# Thermal Resistance Calculator

Calculate thermal resistance for heat sinks and material layers. Find junction temperature from power dissipation and thermal path. Free electronics tool.

## What this calculates

Thermal resistance describes how well a material or assembly resists the flow of heat, measured in degrees Celsius per watt (°C/W). Lower thermal resistance means better heat transfer. In electronics, the thermal path from a chip to ambient air is a series chain of resistances: junction-to-case, case-to-sink (thermal paste or pad), and sink-to-ambient (the heat sink itself). This calculator handles both the heat sink chain and single material layers.

## Inputs

- **Calculation Mode** — options: Heat Sink Chain (junction to ambient), Material Layer (conduction)
- **θ Junction-to-Case** (°C/W) — min 0 — Heat sink mode: thermal resistance from chip to case surface.
- **θ Case-to-Sink** (°C/W) — min 0 — Thermal pad or paste resistance (typically 0.1 to 1.0 °C/W).
- **θ Sink-to-Ambient** (°C/W) — min 0 — From heat sink datasheet (with airflow conditions).
- **Power Dissipation** (W) — min 0
- **Ambient Temperature** (°C)
- **Material Thickness** (mm) — min 0 — Material mode: layer thickness.
- **Cross-Section Area** (cm²) — min 0 — Material mode: heat flow area.
- **Thermal Conductivity (k)** (W/(m·K)) — min 0 — Aluminum: 200, Copper: 385, Steel: 50, FR4: 0.3.

## Outputs

- **Total Thermal Resistance** (°C/W) — Total resistance from heat source to ambient
- **Junction Temperature** (°C) — Temperature at the heat source (chip die)
- **Temperature Rise** (°C) — Temperature increase above ambient
- **Max Power (Tj = 150°C limit)** (W) — Maximum power if junction temp is limited to 150°C

## Details

The thermal model is an electrical analogy: heat flow (watts) is like current, temperature difference is like voltage, and thermal resistance is like electrical resistance.
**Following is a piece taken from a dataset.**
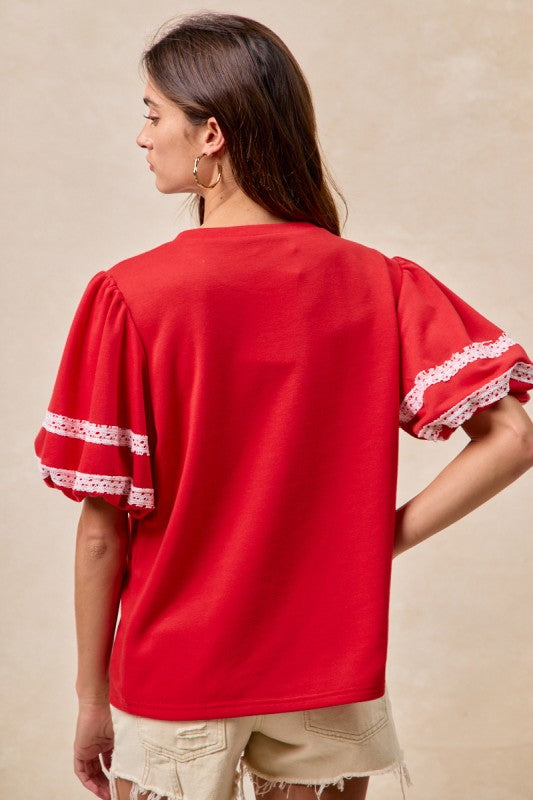 Red & White TOUCH DOWN Top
Just like Ohm's law:

Delta-T = P x R_thermal

And for series resistances in a heat sink assembly:

R_total = R_junction-case + R_case-sink + R_sink-ambient

For a material layer (conduction through a slab):

R = thickness / (k x A)

Where k is thermal conductivity in W/(m·K) and A is the cross-section area.

Typical thermal conductivities:

  - Copper: 385 W/(m·K)

  - Aluminum: 200 W/(m·K)

  - Steel: 50 W/(m·K)

  - Thermal paste: 1-10 W/(m·K)

  - FR4 PCB: 0.3 W/(m·K)

  - Air (still): 0.026 W/(m·K)

For electronics design, the junction temperature must stay below the component's rated maximum (often 125°C or 150°C for silicon). If your calculated junction temperature exceeds this limit, you need a better heat sink, forced airflow, or a lower-power design.

## Frequently Asked Questions

**Q: What is thermal resistance in electronics?**

A: Thermal resistance (θ or R_th, measured in °C/W) tells you how many degrees the temperature rises per watt of heat flowing through a thermal path. A heat sink rated at 5 °C/W means for every watt of heat it dissipates, its temperature rises 5°C above ambient. Lower thermal resistance means the heat sink keeps the component cooler.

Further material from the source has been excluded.